● **Work order**
In the entries below, find the line with "32 Hudson Terrace Edgewater NJ 07020" and print exactly every line from there up to and including the line with "744 SW 14th St, Corvallis, OR 97333", with no other lines.

● **The records**
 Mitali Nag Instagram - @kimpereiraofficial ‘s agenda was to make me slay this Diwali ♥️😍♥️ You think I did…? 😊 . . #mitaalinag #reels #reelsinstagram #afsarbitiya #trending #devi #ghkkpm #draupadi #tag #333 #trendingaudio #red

--

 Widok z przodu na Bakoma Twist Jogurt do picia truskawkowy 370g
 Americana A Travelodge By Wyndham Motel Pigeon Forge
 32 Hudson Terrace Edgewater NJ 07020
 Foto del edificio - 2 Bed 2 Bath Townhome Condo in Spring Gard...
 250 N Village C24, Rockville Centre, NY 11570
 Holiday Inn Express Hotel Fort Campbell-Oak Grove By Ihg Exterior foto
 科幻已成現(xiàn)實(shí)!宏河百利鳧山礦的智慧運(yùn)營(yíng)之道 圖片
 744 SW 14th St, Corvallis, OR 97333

* * *

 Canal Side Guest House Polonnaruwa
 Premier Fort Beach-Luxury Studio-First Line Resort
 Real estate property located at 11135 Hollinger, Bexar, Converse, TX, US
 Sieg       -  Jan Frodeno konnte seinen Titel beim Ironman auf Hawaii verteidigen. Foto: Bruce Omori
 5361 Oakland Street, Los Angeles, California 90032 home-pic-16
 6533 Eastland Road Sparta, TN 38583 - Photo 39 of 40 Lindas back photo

● **Solution for this task**
 32 Hudson Terrace Edgewater NJ 07020
 Foto del edificio - 2 Bed 2 Bath Townhome Condo in Spring Gard...
 250 N Village C24, Rockville Centre, NY 11570
 Holiday Inn Express Hotel Fort Campbell-Oak Grove By Ihg Exterior foto
 科幻已成現(xiàn)實(shí)!宏河百利鳧山礦的智慧運(yùn)營(yíng)之道 圖片
 744 SW 14th St, Corvallis, OR 97333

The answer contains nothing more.